» **Exercise objective**
Set down the entries below exactly, leaving out all images.
--------------------
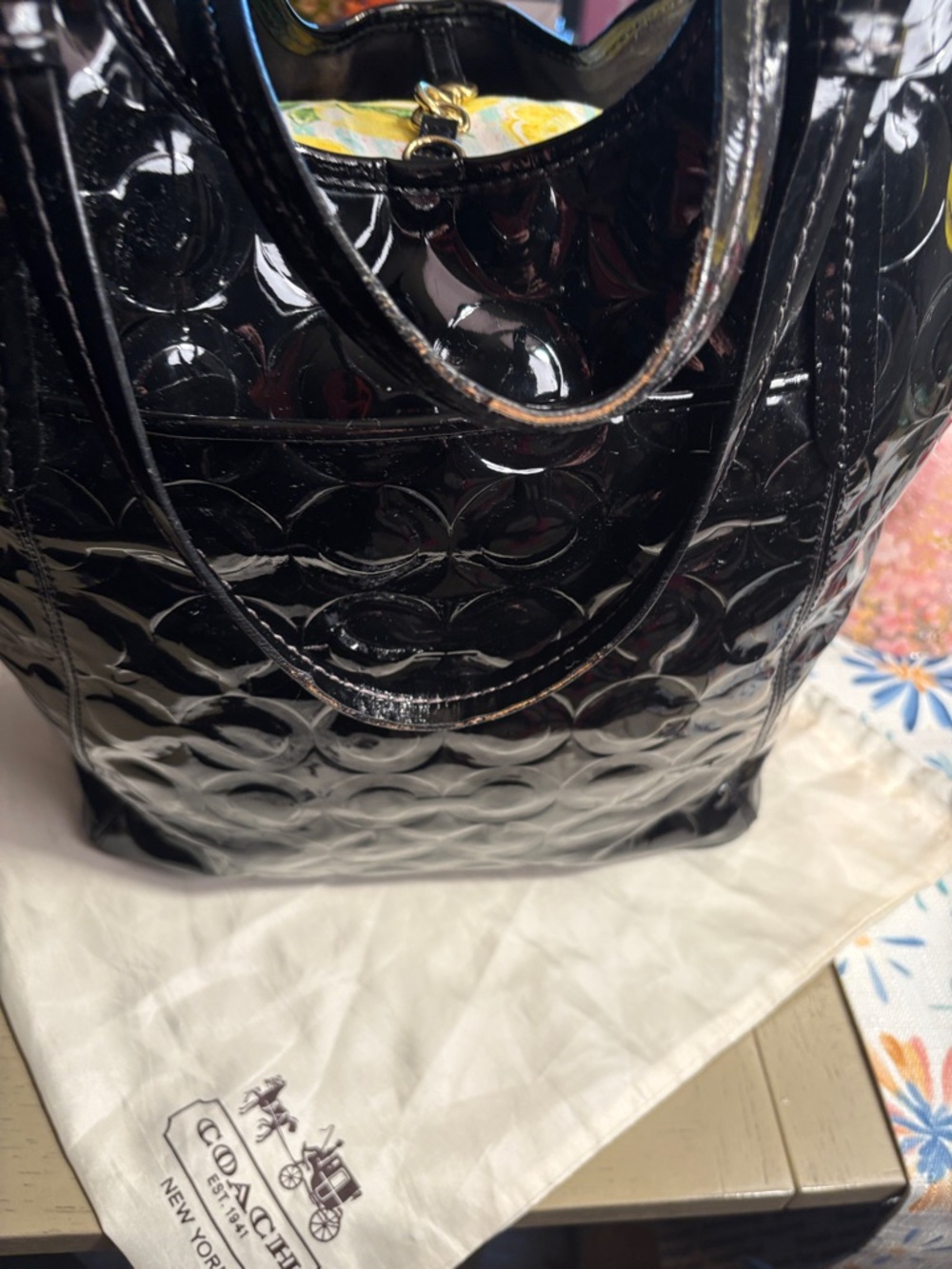 Coach Glossy Patent Shoulder Bag in Black with Gold Accent Excellent condition - Picture 5 of 8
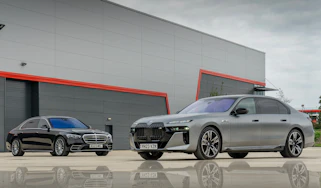 BMW 7 Series vs Mercedes S-Class - header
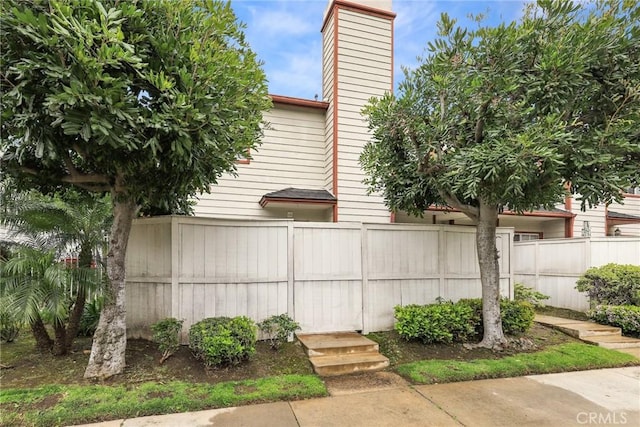 25520 Dodge Ave Unit A, Harbor City, CA 90710 - view of patio / terrace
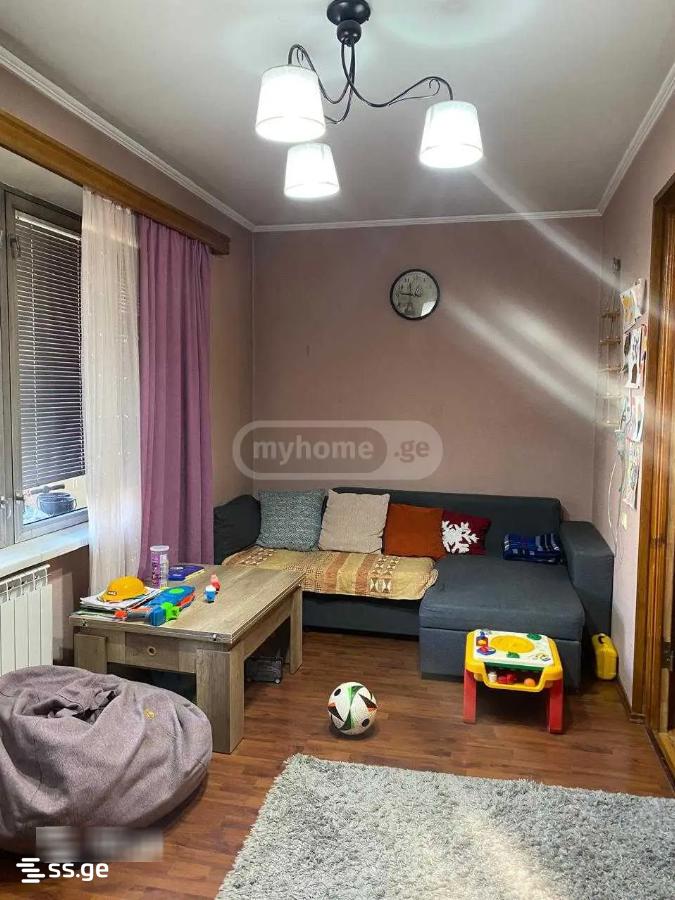 dumbadze ave - 4 rooms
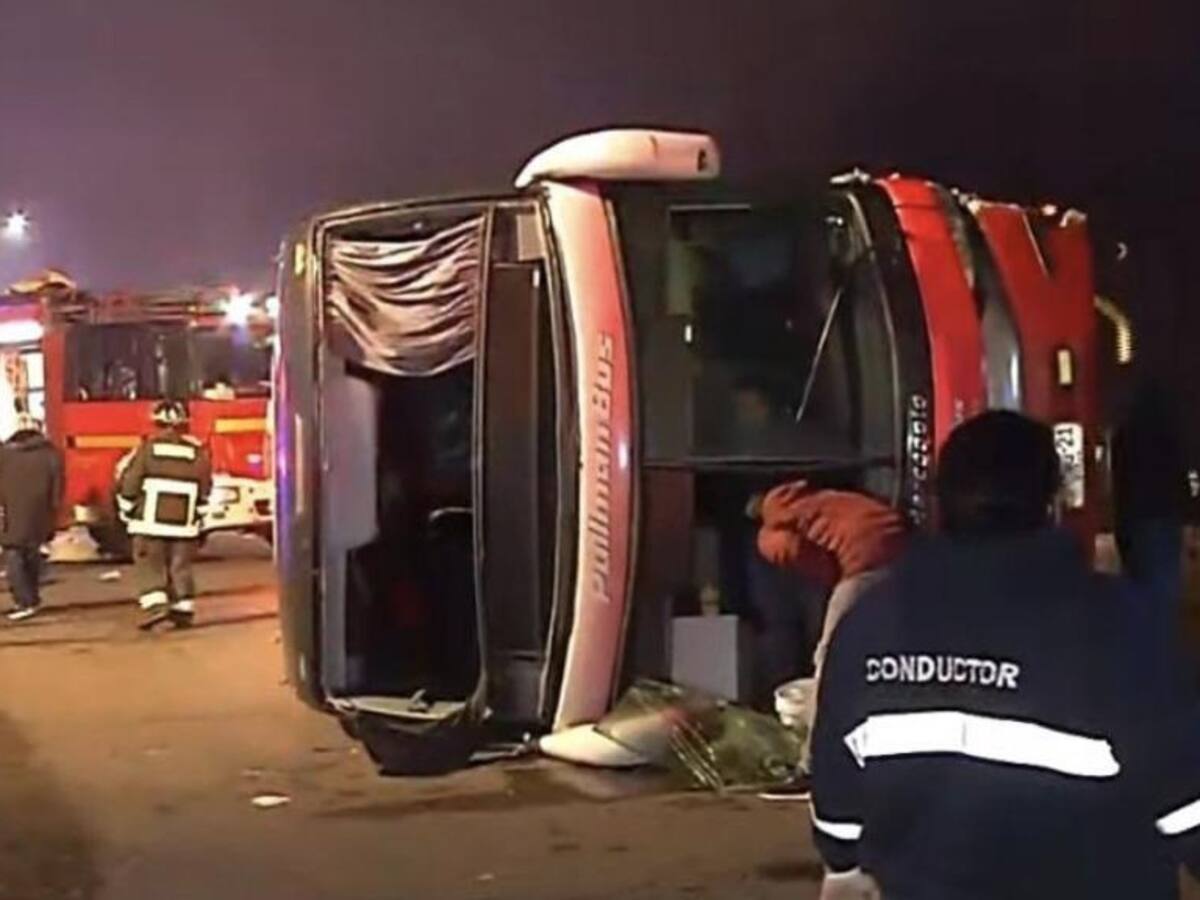 Bus volcado en Ruta 5 deja un fallecido y 14 lesionados, dos de ellos en riesgo vital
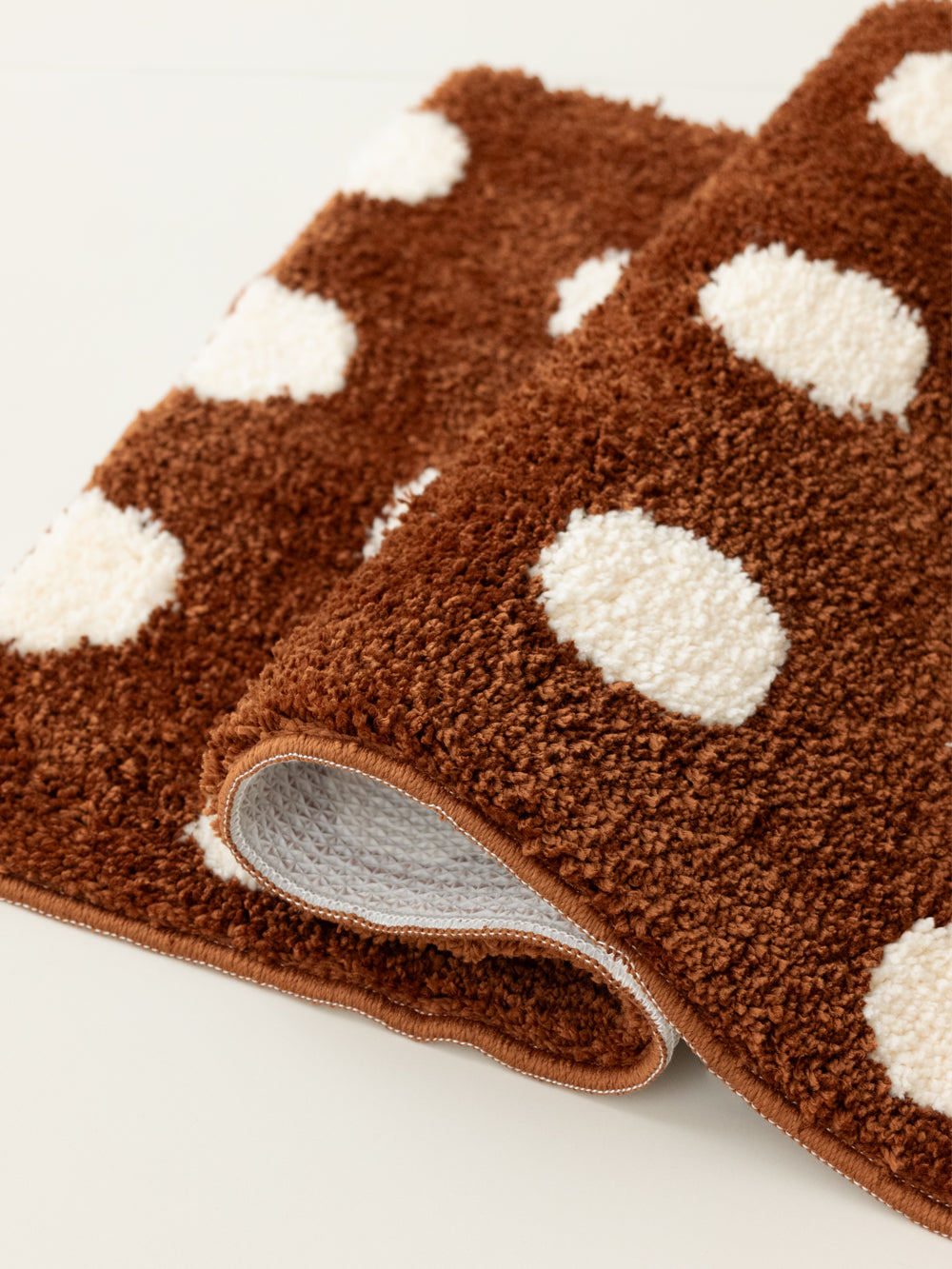 Dotty Polka Dot Square Rug (Cocoa)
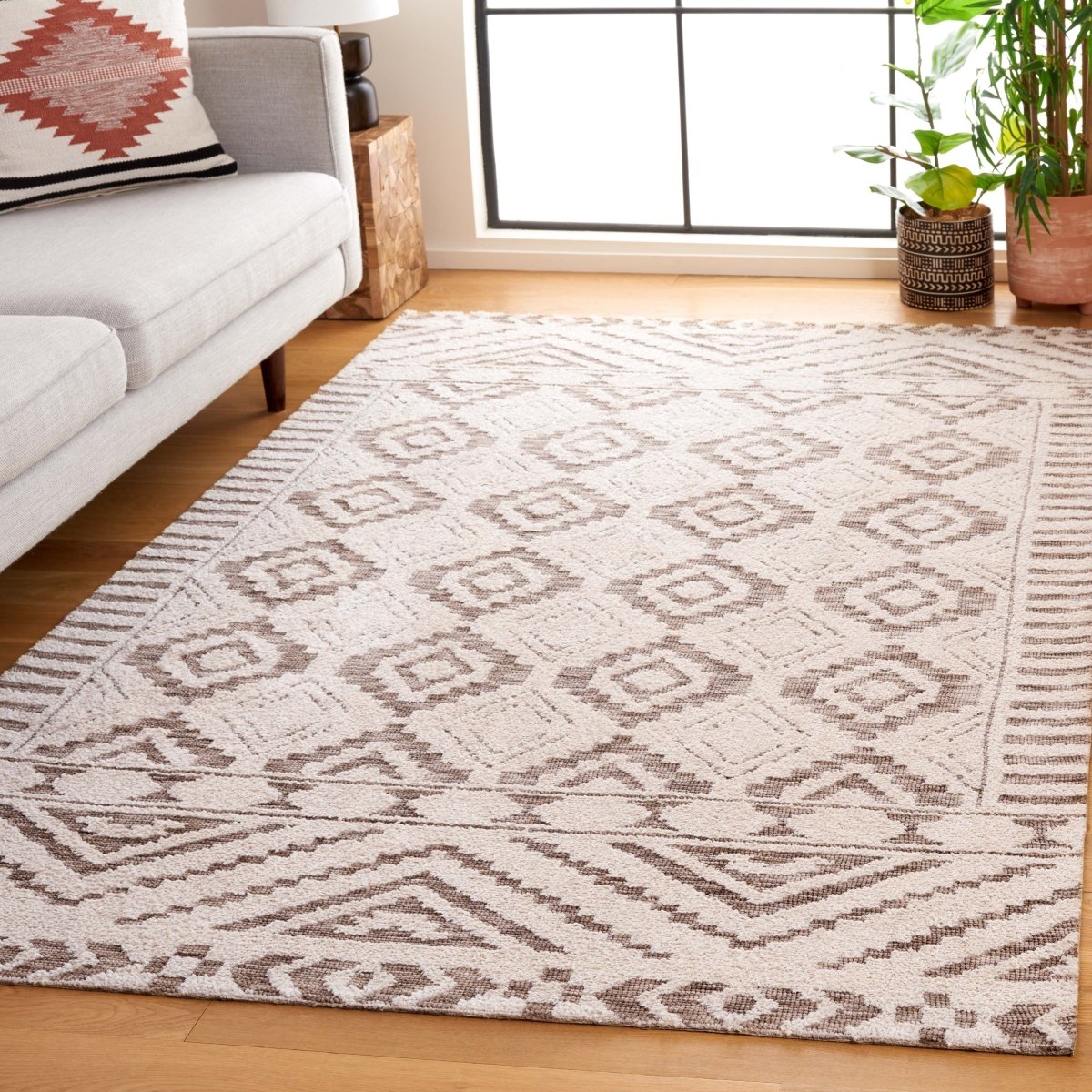 Safavieh Audrey Aud202B Ivory/Beige Rug.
--------------------
» **Answer section**
 Coach Glossy Patent Shoulder Bag in Black with Gold Accent Excellent condition - Picture 5 of 8
 BMW 7 Series vs Mercedes S-Class - header
 25520 Dodge Ave Unit A, Harbor City, CA 90710 - view of patio / terrace
 dumbadze ave - 4 rooms
 Bus volcado en Ruta 5 deja un fallecido y 14 lesionados, dos de ellos en riesgo vital
 Dotty Polka Dot Square Rug (Cocoa)
 Safavieh Audrey Aud202B Ivory/Beige Rug.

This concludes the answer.